Les priorités de l’action gouvernementale :
1 – Encourager la recherche sur les risques liés à la pratique excessive des écrans
Mieux documenter le type d’usages ou de contenus susceptibles d’être problématiques, les effets sur les usagers (développement physique, psychique et social) ainsi que l’efficacité des différents types de régulation envisageables.
2 – Mieux informer le grand public sur les bons usages des écrans
Diverses ressources, soutenues par les pouvoirs publics, sont disponibles, dont notamment :
La campagne d’information annuelle « Enfants et écrans » du CSA, relayée par toutes les chaînes de télévision, rappelant que les programmes télévisuels, quels qu’ils soient, ne sont pas adaptés aux enfants de – 3 ans;
La Caisse nationale d’Allocations Familiales a conçu, en partenariat avec le CLEMI (sous tutelle du ministère de l’Éducation nationale), la série « La Famille Tout-Ecran »;
Le « Permis Internet pour les enfants », un programme national de prévention pour un usage d’Internet vigilant, sûr et responsable à l’attention des enfants de CM2 et de leurs parents;
Le kit « Educ’Ecrans » élaboré par la Fédération nationale des parents et des éducateurs;
Le site PédaGoJeux.fr, co-fondé notamment par l’Union nationale des associations familiales (UNAF), le Syndicat des Editeurs de Logiciels de Loisirs (S.E.L.L) et les pouvoirs publics, met à disposition des parents des informations facilement accessibles sur les jeux les plus populaires et rappellent la signalétique liée aux âges (PEGI);
Des repères simples de bon usage des écrans sont également proposés aux parents par des experts, tels que la règle du 0-3-6-9-12 définie par Serge Tisseron.
3 – Faciliter le repérage de signes d’alerte d’un usage problématique des écrans et l’orientation vers des structures d’aide et de conseil
Pour les plus jeunes, les structures de pédopsychiatrie, les centres médico-psycho-pédagogiques (CMPP) et les maisons des adolescents (MDA) sont les plus adaptés pour rencontrer des professionnels de santé. Les jeunes et leurs familles peuvent y trouver une écoute, des informations, être accompagnés ou orientés en fonction de leur demande.

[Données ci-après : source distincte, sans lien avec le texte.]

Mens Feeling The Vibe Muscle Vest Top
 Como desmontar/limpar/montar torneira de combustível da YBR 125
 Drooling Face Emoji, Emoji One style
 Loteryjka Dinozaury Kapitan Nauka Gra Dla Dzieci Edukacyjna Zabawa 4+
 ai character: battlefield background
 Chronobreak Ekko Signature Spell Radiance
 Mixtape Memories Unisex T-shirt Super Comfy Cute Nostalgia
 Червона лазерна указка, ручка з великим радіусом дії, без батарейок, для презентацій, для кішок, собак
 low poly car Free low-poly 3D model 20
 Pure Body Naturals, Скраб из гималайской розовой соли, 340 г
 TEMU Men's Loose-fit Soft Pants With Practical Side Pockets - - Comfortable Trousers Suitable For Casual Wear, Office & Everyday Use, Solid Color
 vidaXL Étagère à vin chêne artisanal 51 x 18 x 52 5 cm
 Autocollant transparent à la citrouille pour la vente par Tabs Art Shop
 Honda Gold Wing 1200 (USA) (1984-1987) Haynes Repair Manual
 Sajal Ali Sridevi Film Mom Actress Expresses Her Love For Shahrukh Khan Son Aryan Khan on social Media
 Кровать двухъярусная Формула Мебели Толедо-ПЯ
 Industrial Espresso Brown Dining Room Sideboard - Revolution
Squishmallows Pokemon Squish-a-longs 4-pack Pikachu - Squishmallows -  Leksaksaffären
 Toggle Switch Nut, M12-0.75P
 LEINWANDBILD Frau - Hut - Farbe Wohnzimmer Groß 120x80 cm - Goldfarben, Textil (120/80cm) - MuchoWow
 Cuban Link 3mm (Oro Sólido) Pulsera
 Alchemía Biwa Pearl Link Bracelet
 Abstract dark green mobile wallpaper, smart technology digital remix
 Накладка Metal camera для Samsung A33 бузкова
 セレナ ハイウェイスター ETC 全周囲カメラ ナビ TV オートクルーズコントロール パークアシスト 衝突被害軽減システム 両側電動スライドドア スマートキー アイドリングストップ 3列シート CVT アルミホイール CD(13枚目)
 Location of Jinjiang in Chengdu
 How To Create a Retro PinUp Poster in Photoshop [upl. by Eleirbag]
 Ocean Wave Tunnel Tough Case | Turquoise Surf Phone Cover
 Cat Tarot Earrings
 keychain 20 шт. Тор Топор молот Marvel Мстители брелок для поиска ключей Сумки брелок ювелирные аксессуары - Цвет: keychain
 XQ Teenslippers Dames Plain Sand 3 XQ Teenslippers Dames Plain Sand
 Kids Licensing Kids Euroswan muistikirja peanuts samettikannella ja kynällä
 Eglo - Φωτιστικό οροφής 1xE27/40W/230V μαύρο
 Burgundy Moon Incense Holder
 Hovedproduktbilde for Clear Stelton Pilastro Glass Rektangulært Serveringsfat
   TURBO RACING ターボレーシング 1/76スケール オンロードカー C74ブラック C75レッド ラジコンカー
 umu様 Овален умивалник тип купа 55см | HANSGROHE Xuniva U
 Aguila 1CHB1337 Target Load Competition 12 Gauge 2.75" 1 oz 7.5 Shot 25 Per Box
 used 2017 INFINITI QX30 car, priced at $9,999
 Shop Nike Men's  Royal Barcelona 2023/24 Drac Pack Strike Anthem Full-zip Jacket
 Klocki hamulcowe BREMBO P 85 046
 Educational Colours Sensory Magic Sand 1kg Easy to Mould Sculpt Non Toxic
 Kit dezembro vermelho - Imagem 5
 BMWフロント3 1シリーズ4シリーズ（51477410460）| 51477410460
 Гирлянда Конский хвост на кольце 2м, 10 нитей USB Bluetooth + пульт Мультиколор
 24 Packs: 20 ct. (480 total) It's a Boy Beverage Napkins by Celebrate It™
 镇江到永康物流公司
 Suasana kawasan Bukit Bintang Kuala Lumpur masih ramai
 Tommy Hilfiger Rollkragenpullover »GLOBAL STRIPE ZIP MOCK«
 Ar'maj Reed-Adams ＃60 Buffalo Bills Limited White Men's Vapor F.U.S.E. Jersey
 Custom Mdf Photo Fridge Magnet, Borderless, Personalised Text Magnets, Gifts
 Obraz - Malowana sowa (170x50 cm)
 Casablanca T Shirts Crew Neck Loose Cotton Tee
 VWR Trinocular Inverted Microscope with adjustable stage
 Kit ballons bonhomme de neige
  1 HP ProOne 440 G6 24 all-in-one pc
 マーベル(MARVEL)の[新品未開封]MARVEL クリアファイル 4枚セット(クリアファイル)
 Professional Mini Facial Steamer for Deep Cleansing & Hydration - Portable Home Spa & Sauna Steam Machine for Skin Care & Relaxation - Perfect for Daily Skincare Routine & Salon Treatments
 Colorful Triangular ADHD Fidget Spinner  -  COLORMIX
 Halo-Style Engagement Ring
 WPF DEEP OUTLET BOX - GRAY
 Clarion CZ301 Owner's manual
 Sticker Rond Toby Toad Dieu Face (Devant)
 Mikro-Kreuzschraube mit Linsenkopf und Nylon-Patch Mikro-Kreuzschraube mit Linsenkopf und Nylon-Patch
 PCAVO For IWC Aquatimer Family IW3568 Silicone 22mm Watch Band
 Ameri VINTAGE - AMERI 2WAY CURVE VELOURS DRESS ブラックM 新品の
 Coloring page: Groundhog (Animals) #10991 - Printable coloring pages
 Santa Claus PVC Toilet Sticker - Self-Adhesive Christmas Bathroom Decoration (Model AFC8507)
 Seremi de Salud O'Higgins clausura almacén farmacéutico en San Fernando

Pour les plus âgés, il existe 540 Consultations jeunes consommateurs (CJC) réparties dans tous les départements ; leurs coordonnées sont accessibles sur drogues-info-service.fr.Ces consultations accueillent des jeunes consommateurs ainsi que leur entourage.
Toutes les conduites addictives peuvent y être abordées : alcool, cannabis, tabac, jeux d’argent et de hasard, jeux vidéo ou Internet… Les jeunes peuvent s’y rendre seuls ou accompagnés de leurs parents ou d’un proche. Les parents peuvent également être reçus sans le jeune concerné.
Placée sous l’autorité du Premier ministre, la MILDECA (Mission interministérielle de lutte contre les drogues et les conduites addictives) anime et coordonne l’action du gouvernement en matière de lutte contre les drogues et les conduites addictives et élabore à ce titre la stratégie gouvernementale en la matière dans les domaines suivants : recherche et observation, prévention, santé et insertion, application de la loi, lutte contre les trafics, coopération internationale. La MILDECA accompagne les partenaires publics, institutionnels et associatifs de la politique publique dans la mise en œuvre des orientations, en leur apportant un soutien méthodologique ou financier.